While much will be made of where this team has collectively fallen short of expectations heading into the season, the emergence of those underclassmen with multiple years of eligibility remaining has been a salve to the hard times and a reminder that the future has plenty of bright spots.
3. Hoping for a miracle
In a game filled with superstitions, Rice needs the baseball equivalent of a hail mary over the course of the next few weeks. The Owls enter the final six games of Conference USA play exactly give games behind of UAB for the final spot in the conference tournament.
UAB took two of three from the Owls at Reckling earlier this season, giving them the tiebreaker should both squads end up deadlocked in their final records.
Rice can (mathematically) make the tournament if they sweep their final two series (vs MTSU, at FIU) and UAB is swept by FIU at home and UTSA on the road. Needless to say, the outlook is grim.
THE PLAY BY PLAY
FRIDAY | Charlotte 13 – Rice 0
Either David Shaw wasn’t nearly as crisp as he was the weekend prior or the Charlotte bats were on the warpath. Regardless of the cause, Shaw’s exit without recording an out in the fourth inning gave way to a spiraling effect for the rest of the team.

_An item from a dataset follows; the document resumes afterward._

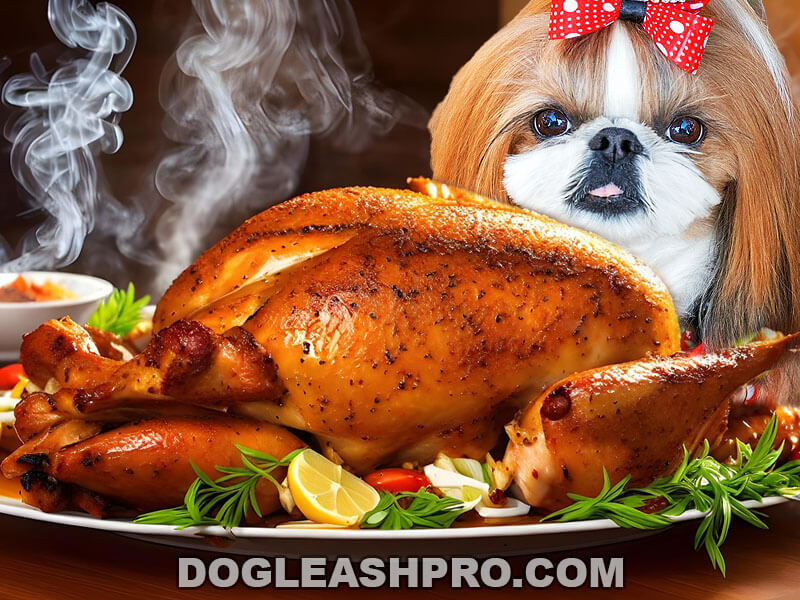 Can Shih Tzu Eat Chicken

Trailing 5-0, Rice baseball head coach Jose Cruz Jr. rolled with dice with powerful, yet erratic, Miach Davis. He walked the bases full, handing Reid Gallant a powderkeg which exploded and turned into a seven-run inning for Charlotte. At that point, Rice found themselves in a 13-0 hole and there wasn’t anything they were going to be able to do on four hits to get out of it.
SATURDAY | Charlotte 14 – Rice 13
Charlotte struck with a big crooked number even earlier on Saturday morning, hanging six runs on Rice starter Alex DeLeon in the second inning. They’d add three more runs in the fourth and five runs in the fifth. Facing a daunting 14-4 deficit at that point, Rice could have very well hung it up. But with the fate of the series still at stake, the bats answered.

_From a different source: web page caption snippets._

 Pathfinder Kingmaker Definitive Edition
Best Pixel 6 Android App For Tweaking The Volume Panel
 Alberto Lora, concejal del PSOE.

Rice got five runs back in the sixth inning with two RBI hits in the inning coming from Connor Walsh and Pierce Gallo. Now trailing 14-9, Rice would edge ever so closer on a home run from Walsh in the subsequent inning. 14-10. Had it not been for the masterful work of Mark Perkins on the mound, the comeback might never have gotten that close. He went 3 innings, allowing one earned run.

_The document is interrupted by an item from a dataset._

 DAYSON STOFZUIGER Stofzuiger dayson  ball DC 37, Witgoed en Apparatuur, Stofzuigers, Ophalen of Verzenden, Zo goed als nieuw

Then came the ninth where Walsh cleared the bases with a three-run home run to make the score 14-13, in favor of Charlotte. The dreams of a rally crescendoed right up until a double-play ball with the tying run on third base snuffed out the dream and ended the game with a heartwrenching thud.
SUNDAY | Charlotte 9 – Rice 0
The wind seemed out of the Owls’ sails from the start in the series finale. Brandon Deskins, Cooper Chandler and Roel Garcia combined to hand out nine walks, nine hits and nine runs while the lineup produced exactly one hit in support: a double from Gallo. Even with the tepid output from Rice, the game still dragged on for three hours and twelve minutes.
Rice batters did manage to walk four times, but only managed to push a base runner to second base on two occasions. That wasn’t going to get it done against a Charlotte offense that would total 36 runs in the three-game sweep.